Kidjo, dance esasperata

LORRAI MARCELLO

MILANO CONCERTI

Kidjo, dance esasperata

Unica data italiana per la cantante del Benin al Rolling Stone

- MARCELLO LORRAI - MILANO

C on Cassandra Wilson si sono scambiate visita nei loro ultimi album: la cantante neroamericana, uno dei personaggi che contano nel firmamento jazzistico di oggi, ha duettato con lei in "Never Know", uno dei brani di "Oremi", ultimo titolo della discografia di Angelique Kidjo, uscito lo scorso anno; mentre la cantante originaria del Benin compare come ospite in "VooDoo Reprise", che chiude "Traveling Miles", il recente album dedicato dalla Wilson alla musica di Davis. Se riesce a figurare accanto ad una primadonna come Cassandra, è segno che Angelique è riuscita a ritagliarsi uno spazio non disprezzabile sulla scena globalizzata del mercato della musica di oggi. Un pezzetto del poco spazio che, passata la moda e le illusioni anni '80 della "nuova musica africana", c'è oggi a disposizione per artisti del continente nero. Del resto in buona misura riservato a vocalist e musicisti che magari nella produzione discografica in circolazione a livello internazionale introducono lingue come il fon (Angelique Kidjo), il lingala (Lokua Kanza), il kirundi (Khadja Nin), il kiswahili (Lokua Kanza e Khadjia Nin), ma che d'altra parte non sono portatori con la loro musica di un'identità marcatamente "altra", ma piuttosto di varianti un po' esotiche, anche se spesso suggestive del mainstream pop-rock.

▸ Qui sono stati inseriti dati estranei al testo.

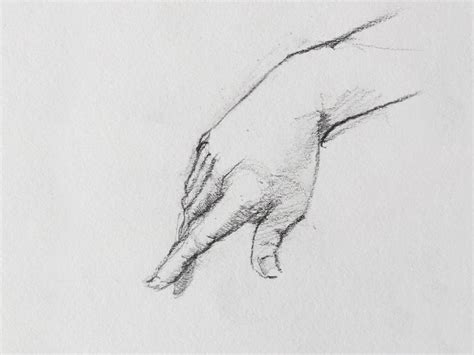 living things drawing easy|Ten top tips for life drawing .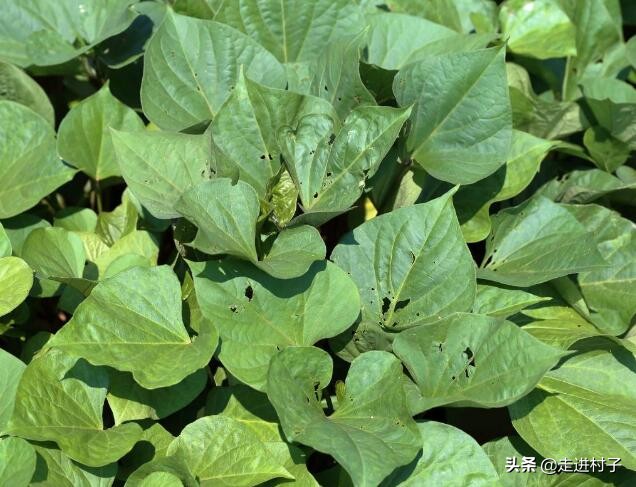 红薯怎样种出长条形,红薯怎么种植长藤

E' questo anche il caso di Angelique Kidjo, che poi in un ruolo di mediazione fortemente sbilanciato sul gusto internazionale si trova a proprio agio perché fin dall'infanzia nel suo paese natale assieme con i fratelli si è beata di Hendrix, Santana, Rolling Stones, Beatles, Simon e Garfunkel, rhythm'n'blues, e perché dall'83 è installata a Parigi. Ed è con un repertorio molto dance e decisamente commestibile per tutti che Angelique Kidjo è tornata in Italia, accompagnata da una formazione compatta: due coriste, tastiere, basso, batteria e percussioni. Al Rolling Stone di Milano ha trovato ad accoglierla un pubblico abbastanza folto, complice certamente l'inserimento della sua esibizione nel ciclo "Suoni e Visioni", sempre promosso molto efficacemente dalla Provincia, ma anche indicativo della sua buona popolarità. E' passata ormai una decina d'anni da quando, dopo varie esperienze francesi fra cui quella di fusion jazz/Africa del gruppo Pili-Pili diretto dal pianista olandese Jasper Ven't Hof, Angelique Kidjo cominciava a segnalarsi come artista in proprio, |ma dai suoi show parigini di allora non è cambiato poi molto.

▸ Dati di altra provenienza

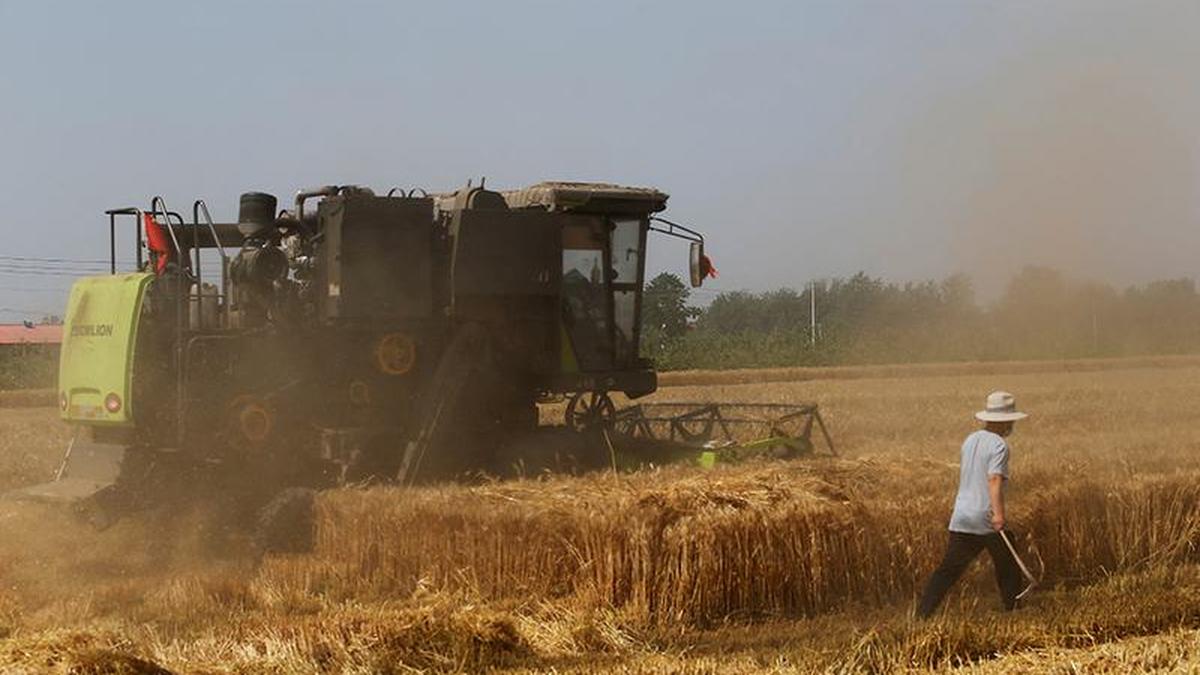 China’s wheat imports to cool on local output gains, slowing demand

Con il suo gran darsi da fare sul palco, Angelique è rimasta un personaggio che fa simpatia, ma a cui nemmeno la maturazione è riuscita a dare quello scatto decisivo di cui si avverte la carenza. L'ultimo album della cantante si propone di essere il primo di una trilogia destinata a raccogliere spunti offerti dalle musiche della diaspora africana d'oltreoceano: le prossime tappe saranno il Brasile, e poi Haiti e Cuba, e intanto si comincia lasciando affiorare vecchi amori. Così il baricentro dello show è inclinato verso la black music, e l'assortimento dei brani va a discapito dei tratti più originali del repertorio consegnato a dischi come "Logozo" ('91), un repertorio che peraltro si è un po' troppo ripetuto negli album successivi e che si è appannato nell'ultimo, dove appunto, come nella Kidjo dal vivo di adesso, si è perso parecchio della freschezza, dell'esuberanza, del vitalismo, del tono sbarazzino che sono stati i suoi punti di forza. Non giova al concerto l'eccessiva insistenza sulla dimensione dance, quando qualche pausa e qualche passaggio lento in più avrebbero giovato al respiro e alla godibilità dello spettacolo.

Ma soprattutto, quando si espone al confronto con la Makeba interpretando "Malaika", o quando affronta a volte con qualche problema di intonazione brani che i dischi ci restituiscono vocalmente più sicuri e brillanti. Angelique appare in qualche modo vittima di meccanismi discografici e manageriali che l'hanno fatta giocare un gioco che se negli album può reggere, dal vivo risulta forse un po' troppo grande per lei.